Car oui, le scénario en toile de fond, vraiment bateau, ralenti grandement l'action dans le troisième quart du film. Oui, certains clichés pointent le bout de leur sale petit nez crochu et coulant. Et oui, une bien trop grande attention est apportée à certains personnages s’avérant complètement anti-charismatiques (
BlackOut, par exemple. Enfin, il me semble que c'est lui...Bref, peu importe).
Autant de petites bébêtes qui viennent se balader sur l'écran, et dont on a férocement envie de se débarrasser tout au long de la séance.

Mais voilà, au final, c'est un bien bon film d'action, dans la lignée des jouissifs
Crank et
Crank : High Voltage, par les mêmes réalisateurs.
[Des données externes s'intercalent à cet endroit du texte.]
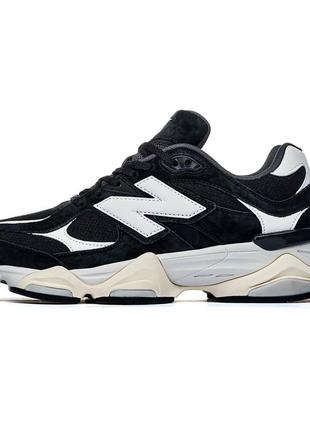 Кроссовки new balance 9060 black white 43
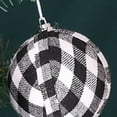 thumbnail image 5 of 6Pcs 7cm Christmas Tree Ball Plaid Fabric Wrapped Layout Xmas Party Decoration Ball Pendant, 5 of 8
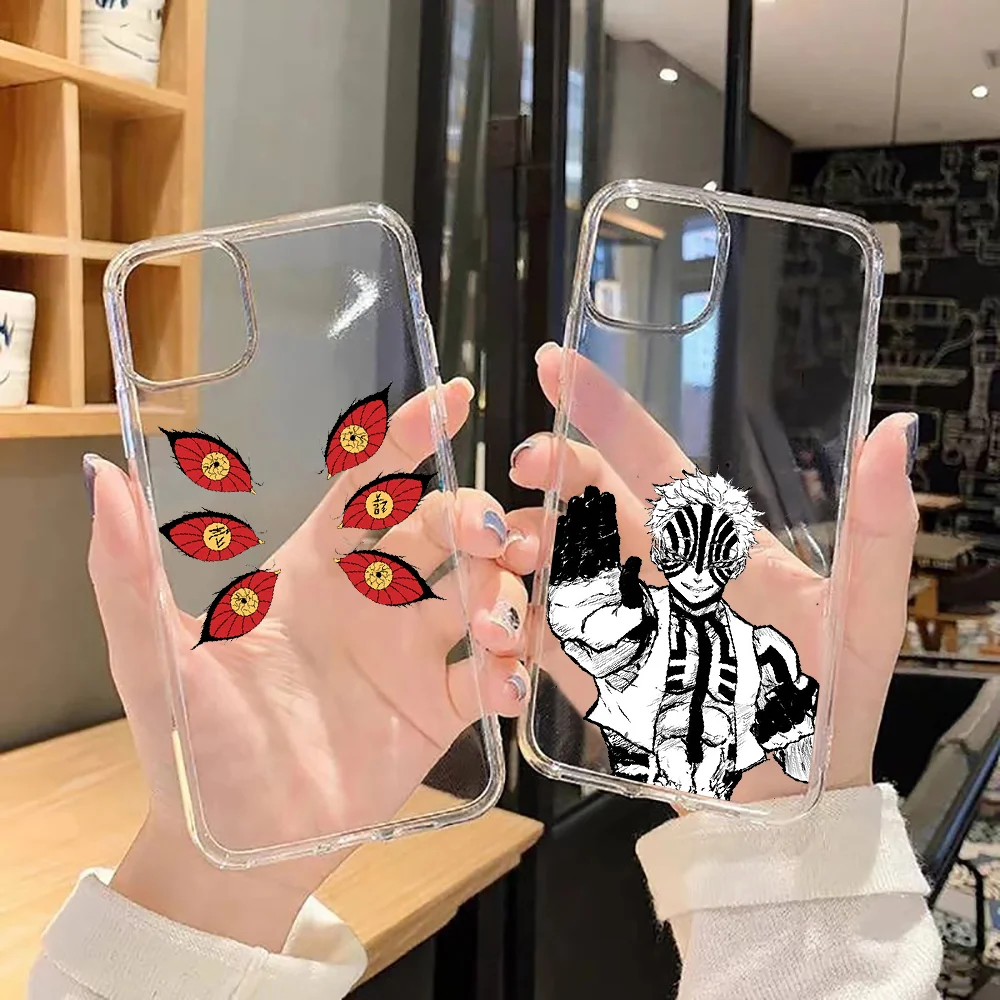 Akaza Kokushibou Daki Enmu Phone Case Transparent For Xiaomi Mi Max Note 3 A2 A3 8 9 9T 10 Lite Pro Ultra transparent painting | Мобильные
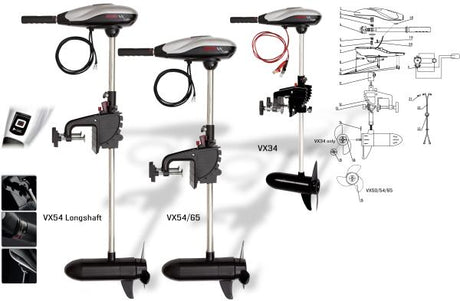 Motore elettrico Rhino Motore elettrico fuoribordo ad albero lungo VX 54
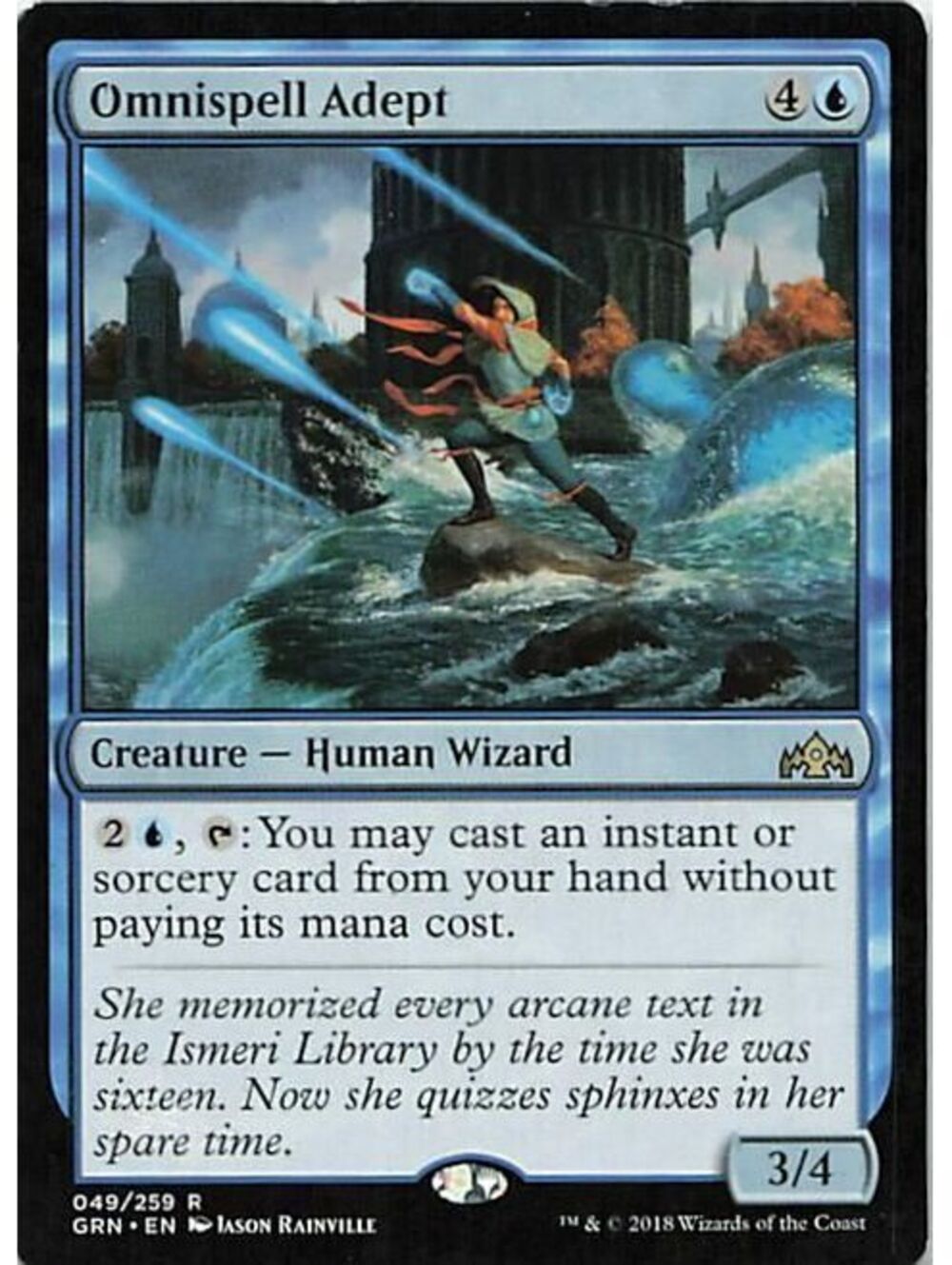 Magic: The Gathering 2018 Omnispell Adept LP GRN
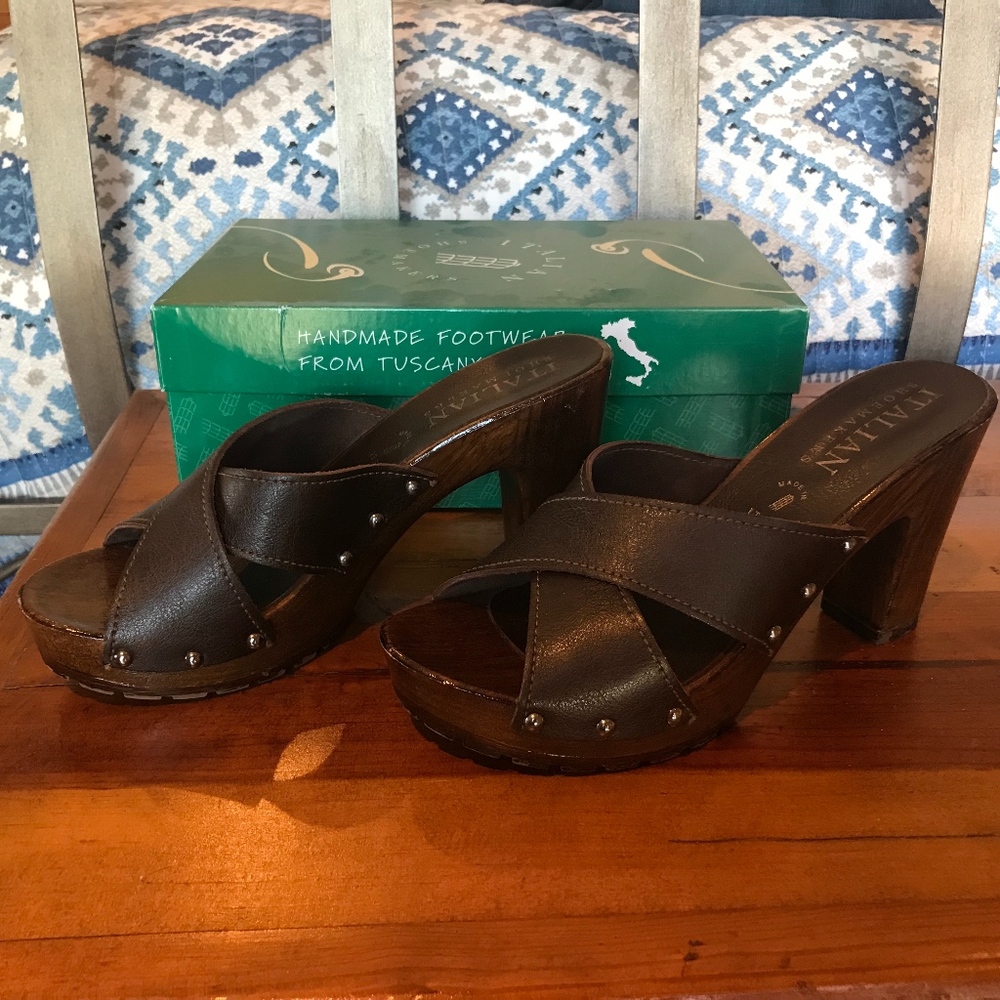 Leather Sandals, size 9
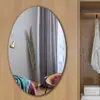 Pegatinas de pared para espejo transfronterizo, autoadhesivas, ovaladas, acrílicas, para baño, decorativas, resistentes y duraderas.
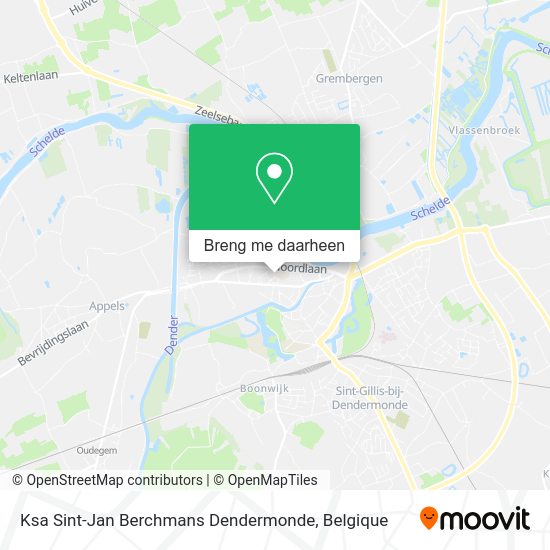 Ksa Sint-Jan Berchmans Dendermonde kaart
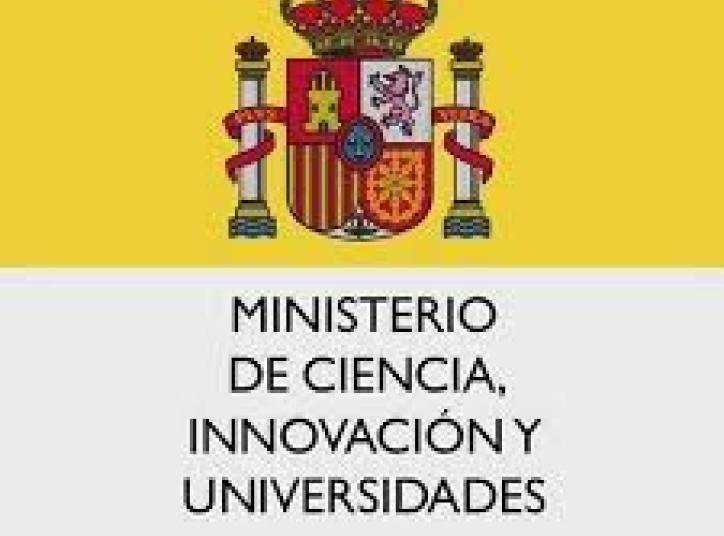 Logo MInisterio de Innovación y Universidades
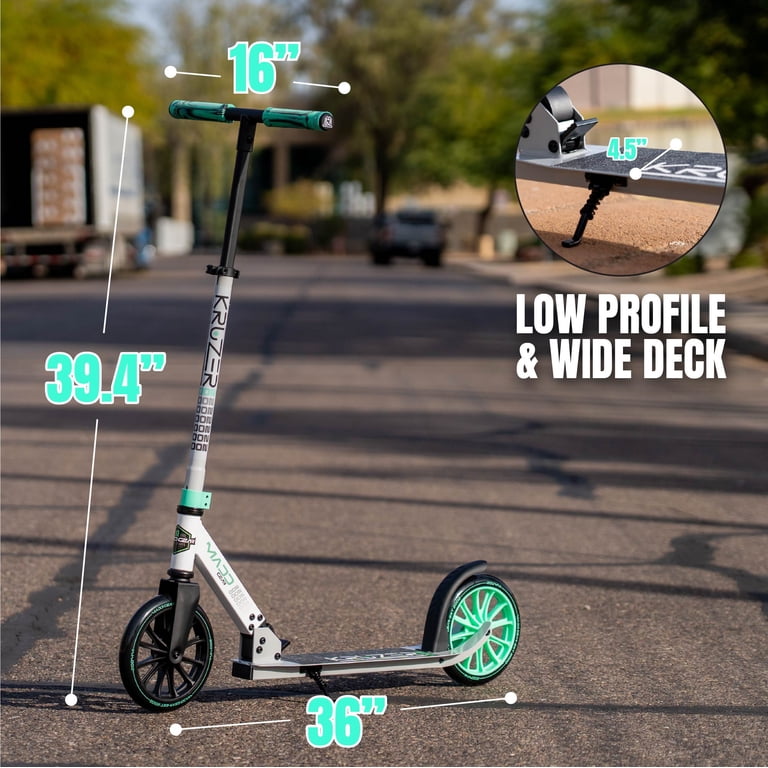 Large Folding Kick Scooter for Adults and Teens – Adjustable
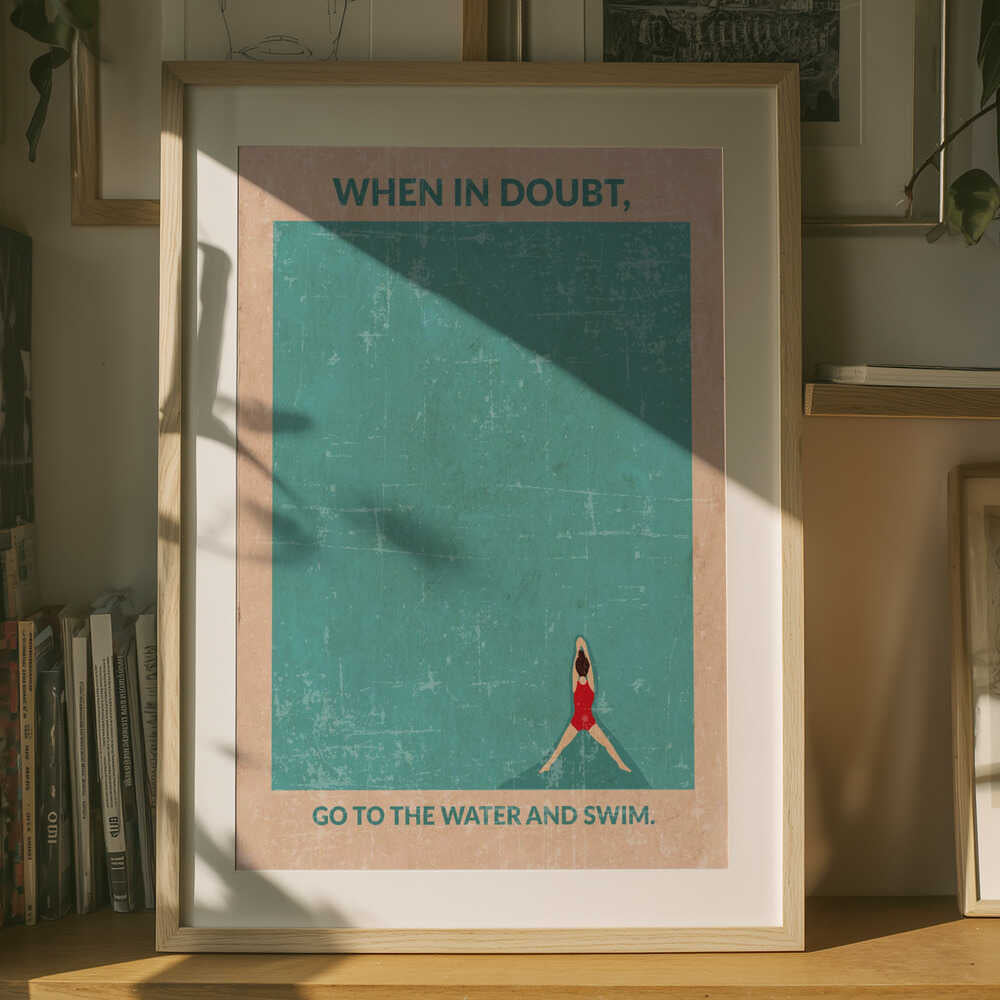 Open Water Standard Wandkunst – Poster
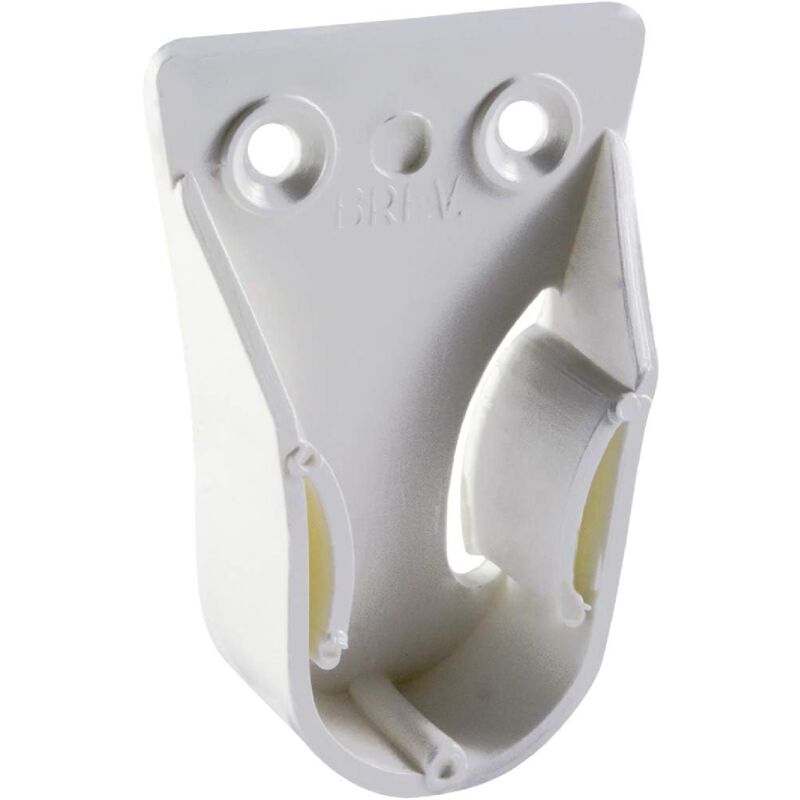 foto del prodotto reggitubo per tubo tondo con supporto robusto e affidabile bianco 18 mm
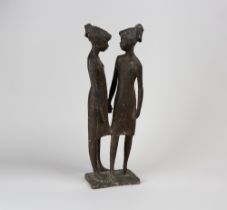 Clemens Pasch. Die Freundinnen. 1957. Bronze.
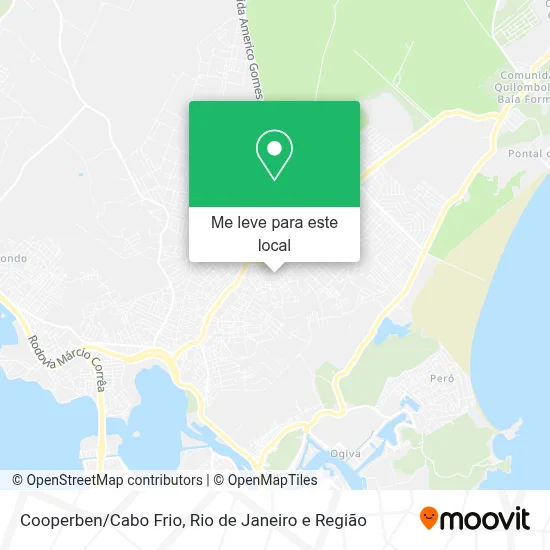 Cooperben/Cabo Frio mapa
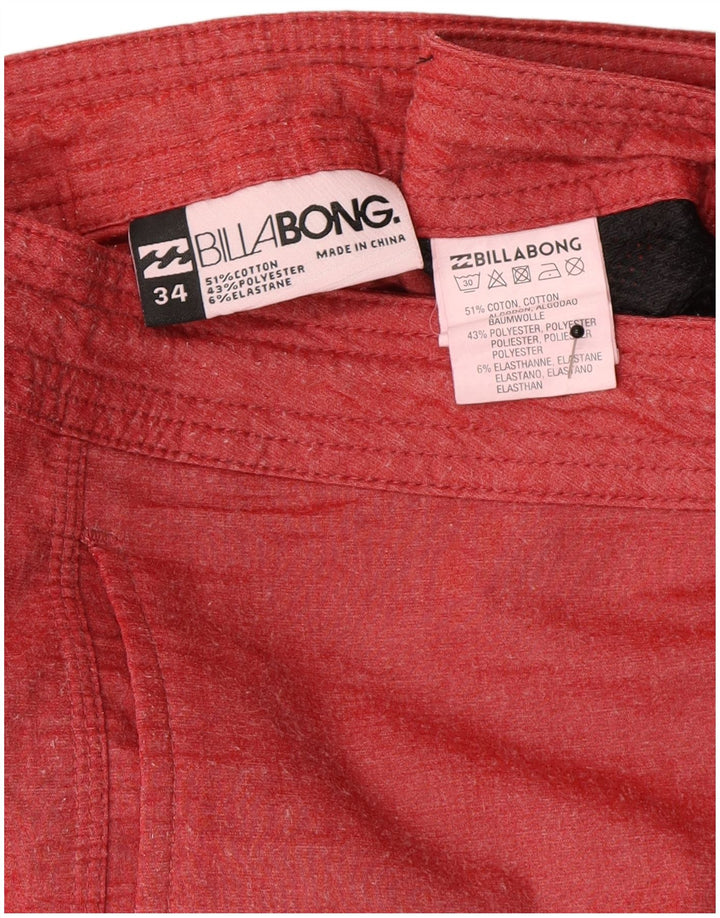 Billabong Herren-Badeshorts, groß, rot gefleckte Baumwolle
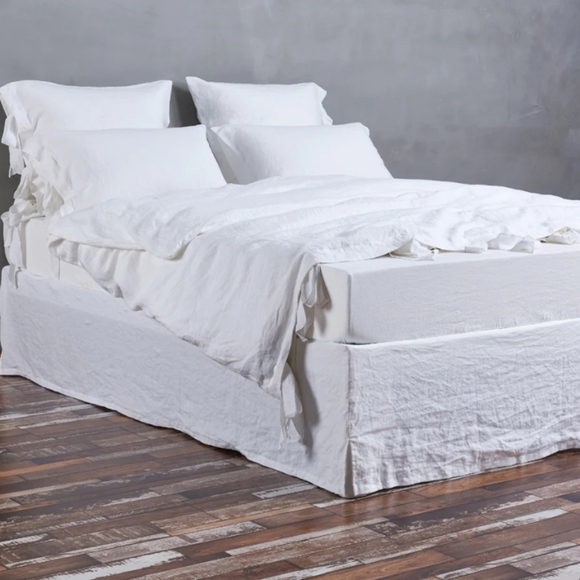 Linenshed Bedding Linenshed Four Sided Linen Bedskirt King 4 Drop Poshmark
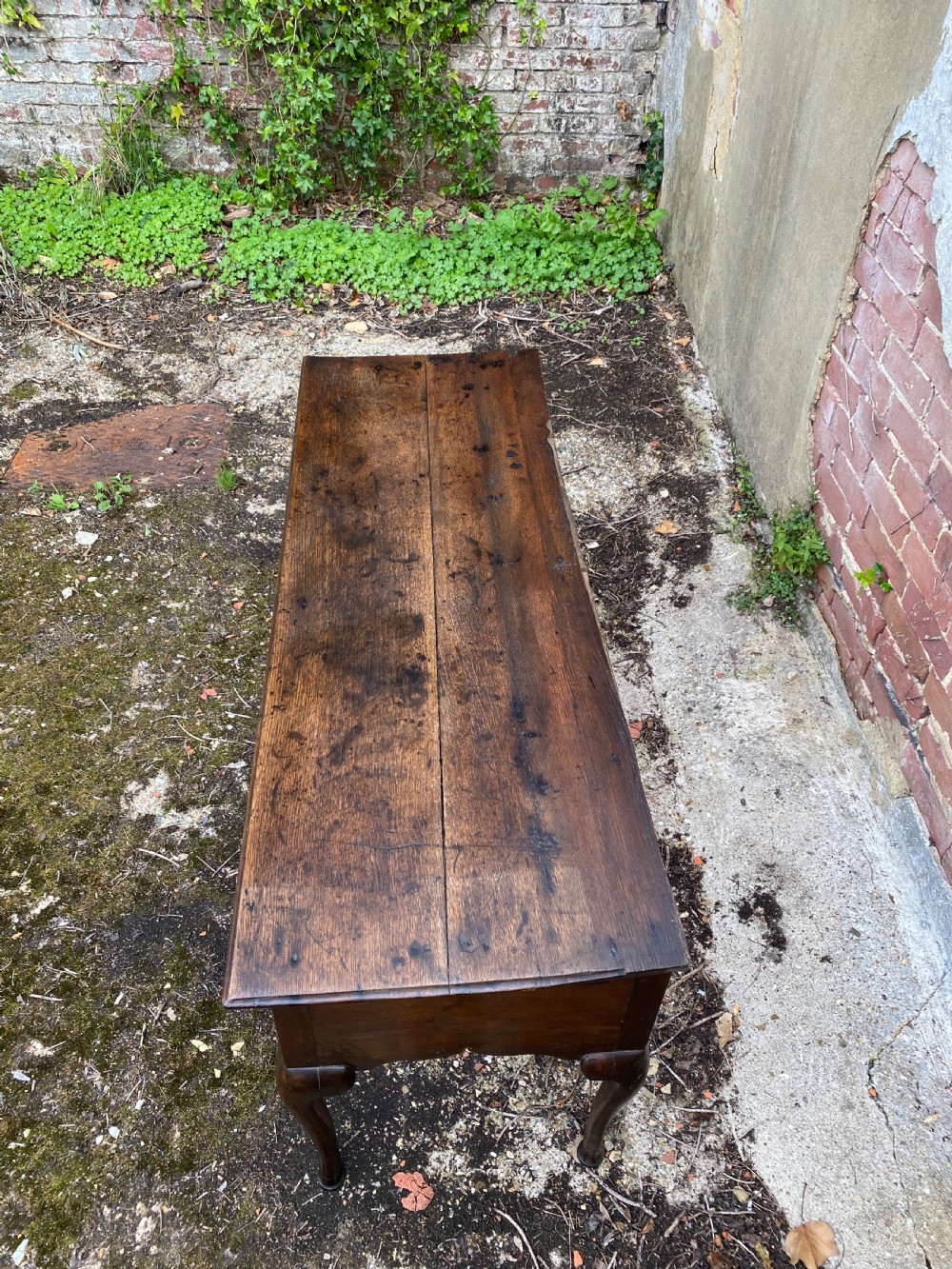 Antique Oak Dresser Base View IX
Les rageux rageront.
L'adrénaline suppure des quatre coin de la pellicule, le film prend un plaisir futé à se démarquer du premier opus sans le dire de manière explicite, les prises de vues sont sobrement impressionnantes (les réalisateurs allant même jusqu'à s'accrocher eux-même à l'arrière de la moto, en rollers, caméra à la main), et les acteurs offrent des performances étonnamment plaisantes. Notons Idris Elba, qui dégage un charisme certain, et notons Nicholas Cage.
Puisque Nicholas Cage, contrairement au premier film, joue également le Rider. Et nom de Dieu de bordel à culs, je vous assure que les passages où le Ghost Rider apparaît valent à eux seuls la peine d'aller voir le film.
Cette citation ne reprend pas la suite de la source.